# Possible to have a privacy waiver on all forms of communication - electronic, calls



## 8yearscheating (Oct 14, 2010)

With the recent prosecution attempt in Detroit of a spouse who read e-mails of his cheating wife, is it possible to have both marital parties sign a waiver of privacy rights of all electronic, in writing or phone calls? I think this would be the ultimate form of commitment for a WS who is reconciling! Any lawyers, please chime in.


----------



## Atholk (Jul 25, 2009)

Frankly it should be in a pre-nup these days.


----------



## 8yearscheating (Oct 14, 2010)

Better late than never. Electronics weren't a big thing when I was married like they are now.


----------



## Affaircare (Jan 11, 2010)

I like this idea so much that Tanelorn and I are writing a generic one and putting it on our Affaircare site! This would be a perfect thing for BOTH spouses to sign after the affair when they are reconciling and rebuilding a new marriage with new trust. 

Great idea! Thanks 8years!

NOTE: of course, what will be next? I have to sign a waiver so my husband can look in my purse without fear of prosecution?


----------



## Pandakiss (Oct 29, 2010)

i never though about the new wave of tec when we got together either...there wasnt cell phoes, internet was binary codes...SNES and SEGA GENISIS where the best in video games.

i dont care if you use my phone or look in it for a text or a pic. i dont care if you go into my e-mail to show me what you sent, but you are not allowed to go into my purse or pockets, and i will not go in your pockets or wallet--with permission---

i think what happened in detroit in a isloated case.....there so desperate for money they will start charging you a breathing fee..
but thats not here or there...

i dont thnk a writed agreement will matter much when emotions come into play...i think it will always come down to he said, she said...they made me..i didnt know what i was doing....

so IDK....


----------



## 8yearscheating (Oct 14, 2010)

By the way, it's charges only in Detroit though there have been convictions under the Federal Wiretapping Laws in I think Pennsylvania. We really need some Solicitors to chime in.


----------



## 8yearscheating (Oct 14, 2010)

Come on folks - your opinion?


----------



## Affaircare (Jan 11, 2010)

Well, 8years, I promised and I deliver: Privacy Act Waiver

Regarding the legality of the case, etc. here is a site that links directly to all the state and federal statutes about electronic 
surveillance: Electronic Surveillance. I do ALWAYS recommend that when people gather data, they start with the simple, non-tech things like keeping a journal of the where the disloyals says they were etc. because when you're lying the story changes. Also do the simple things that are monotonous and take time, like going over bank statements, looking at credit card bills, or looking at phone bills. Those will indicate for example they said they were *here* but the bank shows they were at an ATM *there* on that date. Make sense? In other words, low-tech!

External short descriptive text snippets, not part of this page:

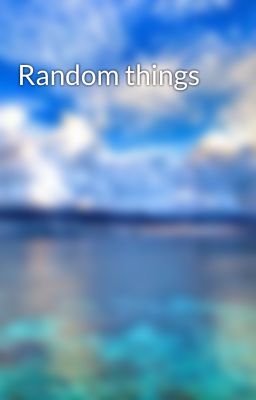 Random things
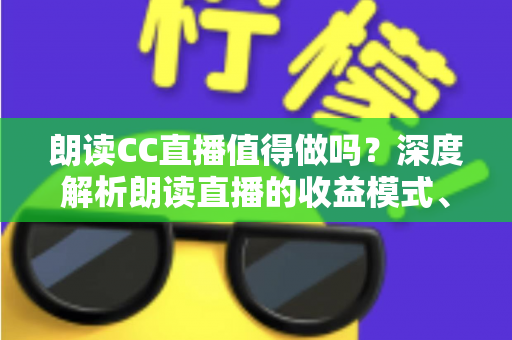 朗读CC直播值得做吗?深度解析朗读直播的收益模式、发展前景与入行指南 朗读CC直播值得做吗?深度解析朗读直播的收益模式、发展前景与入行指南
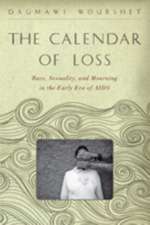 The Calendar of Loss – Race, Sexuality, and Mourning in the Early Era of AIDS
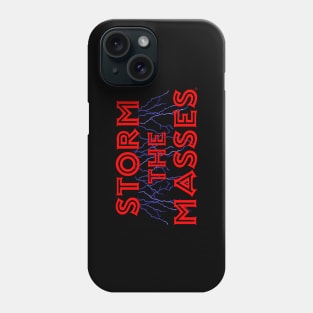 STORM THE MASSES (Official) Phone Case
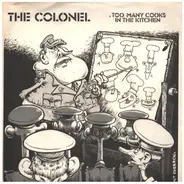 The Colonel - Too Many Cooks In The Kitchen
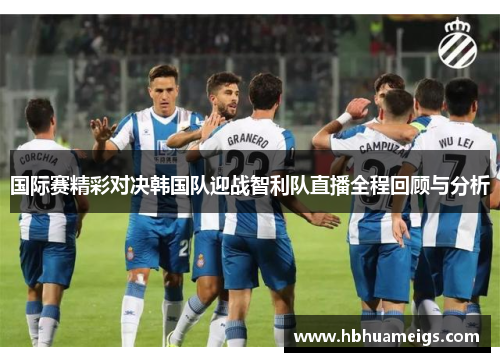 国际赛精彩对决韩国队迎战智利队直播全程回顾与分析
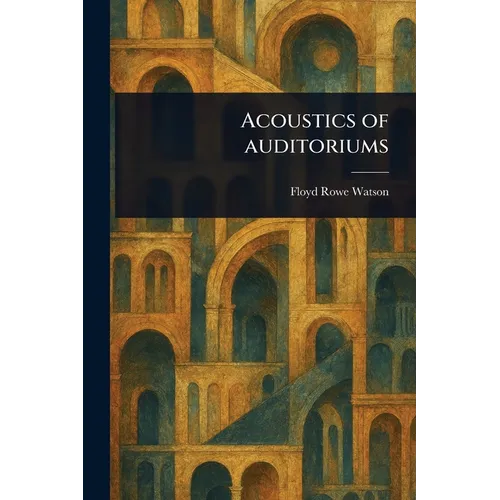 Acoustics of Auditoriums - Paperback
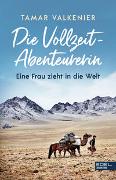 Die Vollzeit-Abenteurerin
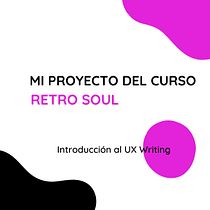 Mi proyecto del curso: Introducción al UX Writing para Retro Soul Ein Projekt aus dem Bereich UX / UI, Informationsdesign, Cop, writing und App-Design von Lizeth Jhoana Ramírez Rivas - 16.11.2022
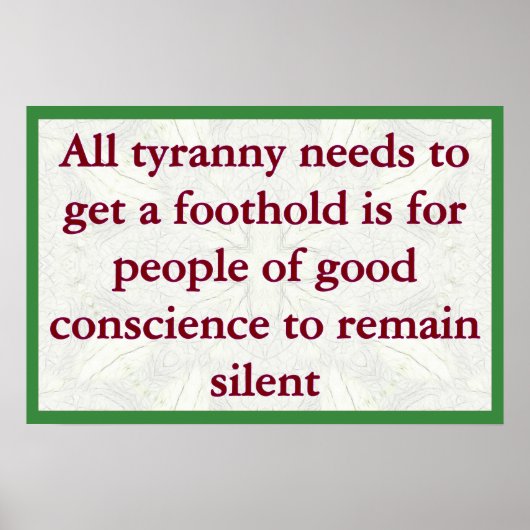 Tyranny While People are Silent Poster (Vorne)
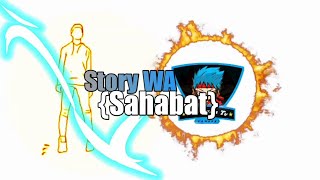 Story WA keren {SAHABAT}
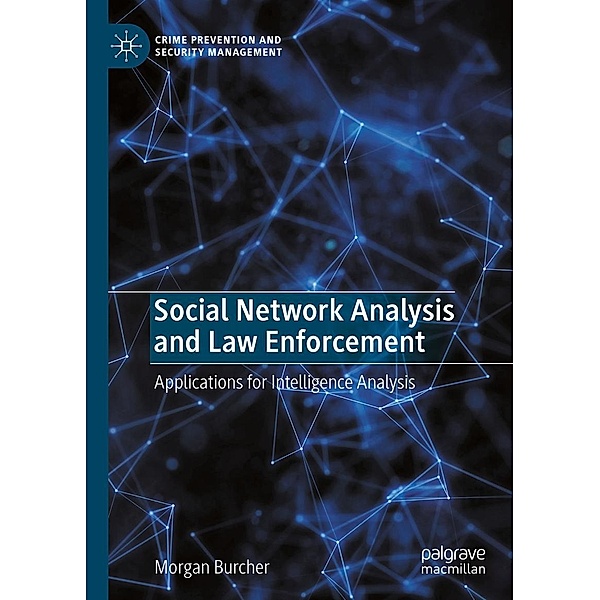 Social Network Analysis and Law Enforcement / Crime Prevention and Security Management, Morgan Burcher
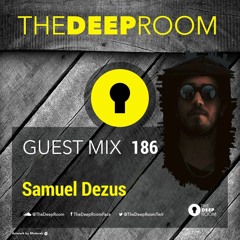TheDeepRoomGuestMix186 - Samuel Dezus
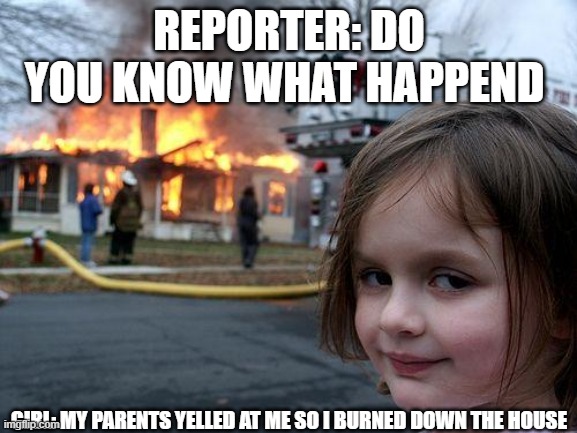 The kid killed them | REPORTER: DO YOU KNOW WHAT HAPPEND; GIRL: MY PARENTS YELLED AT ME SO I BURNED DOWN THE HOUSE | image tagged in memes,disaster girl | made w/ Imgflip meme maker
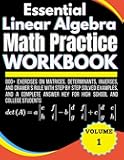 Essential Linear Algebra Math Practice Workbook Volume 1 Matrices, Determinants, Inverses, and Cramer’s Rule 800+ Exercises With Step by Step Solved ... Key for High School and College Students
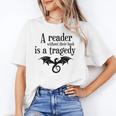 A Reader Without Their Book Is A Tragedy Dragon Rider Unisex T-Shirt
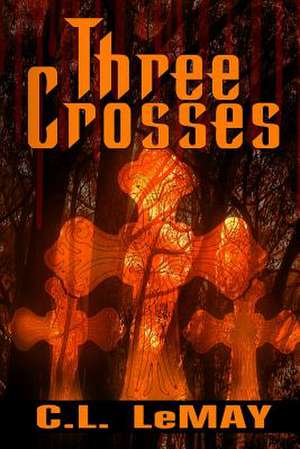 Three Crosses de C. L. Lemay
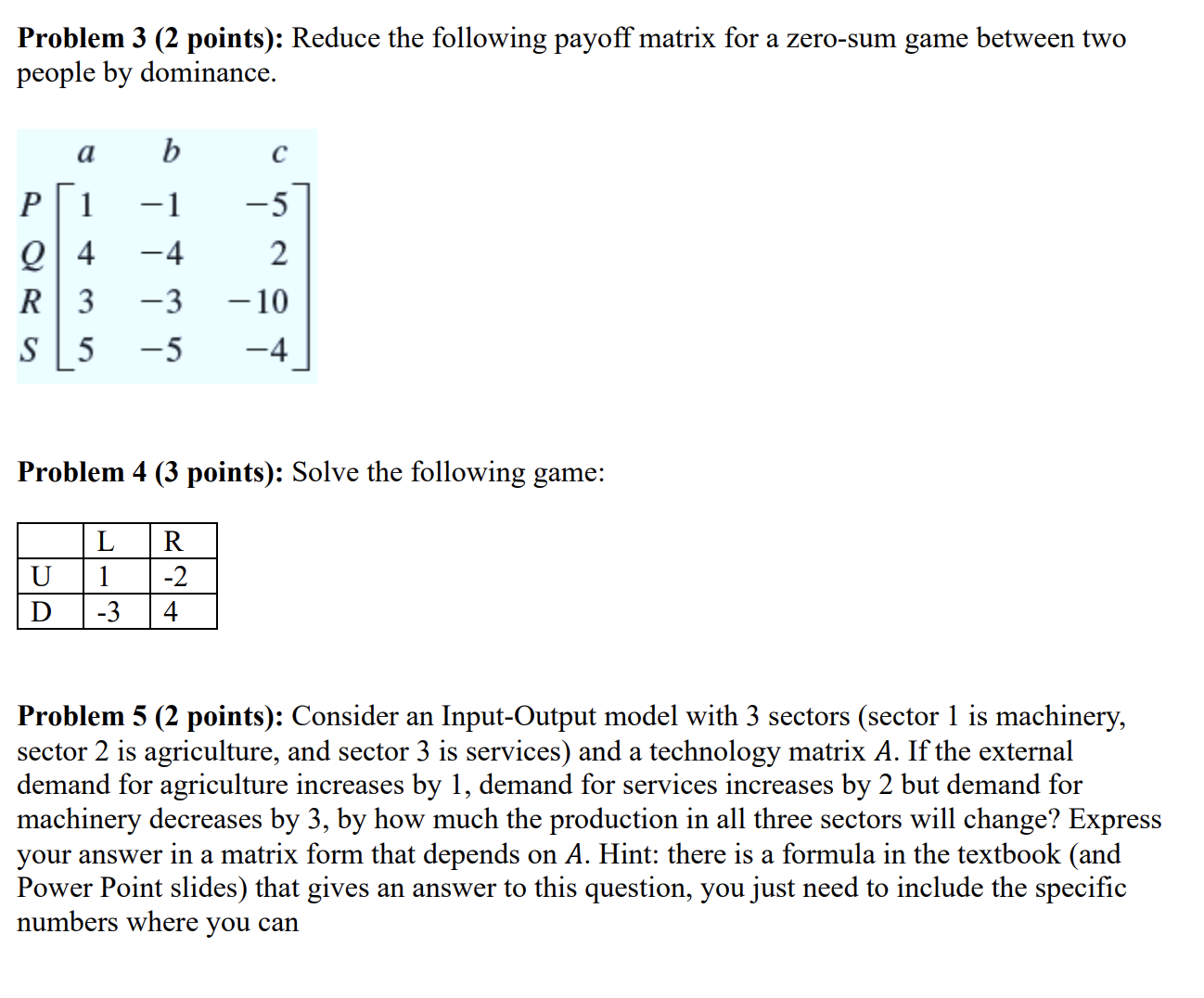 Problem 3 (2 points): Reduce the following payoff matrix for a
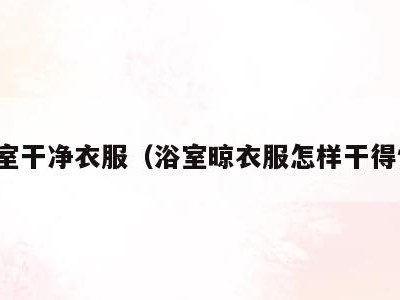 浴室干净衣服(浴室晾衣服怎样干得快)
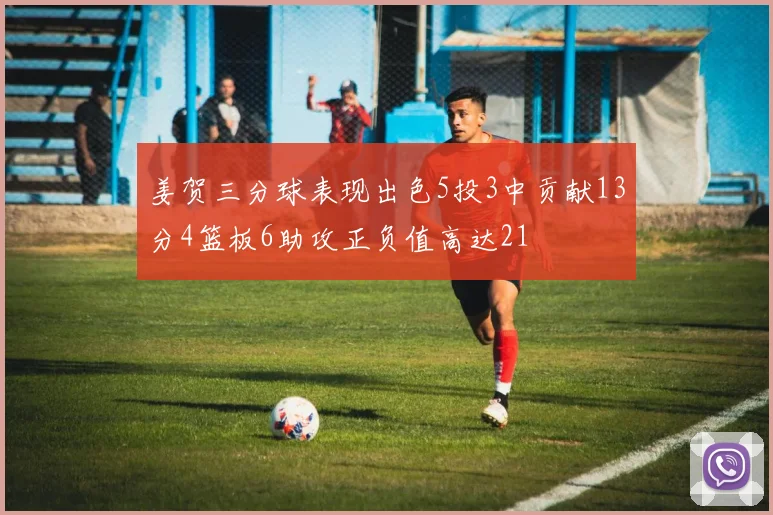 姜贺三分球表现出色5投3中贡献13分4篮板6助攻正负值高达21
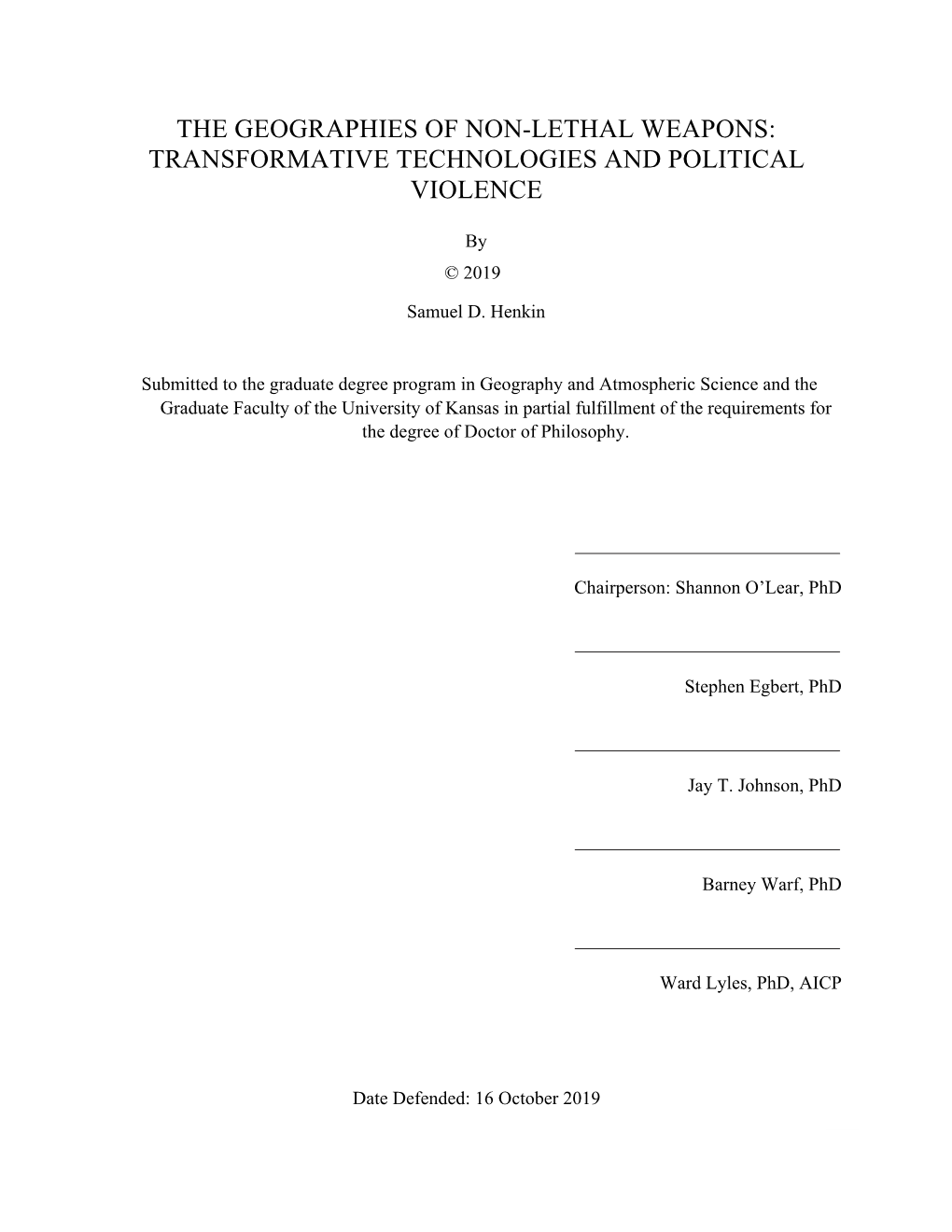 The Geographies of Non-Lethal Weapons: Transformative Technologies and Political Violence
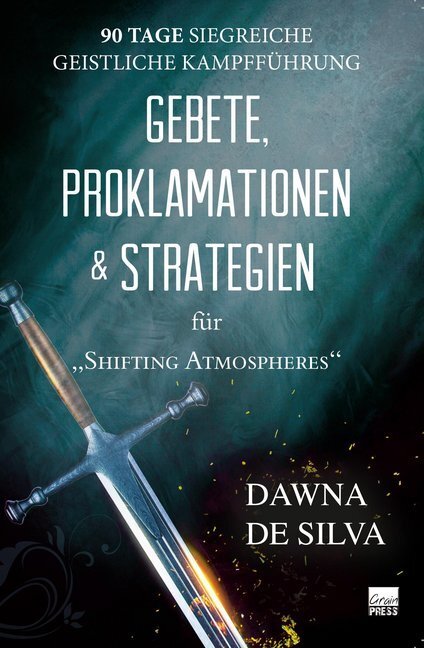 Cover: 9783947454525 | Gebete, Proklamationen & Strategien | Dawna De Silva | Taschenbuch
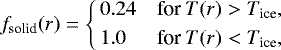 \begin{align*}f_{\textrm{solid}} (r) =\left\{\!\! \begin{array}{ll} 0.24 & \text{for $T(r) > T_{\textrm{ice}}$}, \\[3pt] 1.0 & \text{for $T(r) < T_{\textrm{ice}}$}, \end{array} \right. \end{align*}
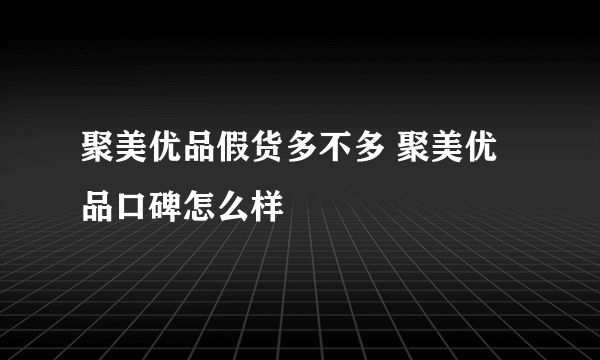 聚美优品假货多不多 聚美优品口碑怎么样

Most of the electronic laws are written with the intention of someone stealing identities or hacking, to prevent wiretapping of the general population, etc. Still, opening someone else's passworded account may be considered "hacking" as the case in Michigan proves. So it is REALLY important to read the laws in your state, and when someone says "Oh just install a keylogger" actually that may be breaking the law of the your state because it could technically be considered hacking.

Most states DO have rules about recording a conversation also: do both parties need to know, just one party--can you record a conversation you are not a party to? So before you copy their chat log, install a key logger, put a secret VAR under the seat of their car, or put a GPS on the phone you may want to check out the laws. Usually it's harder to do a little low-tech work, but more legal...and usually there is a way to protect yourself when you do investigate such as telling your spouse right out at the beginning of a conversation, "I have a voice activated recorder to record this. If you continue speaking to me, I'll take that as consent to record this talk."


----------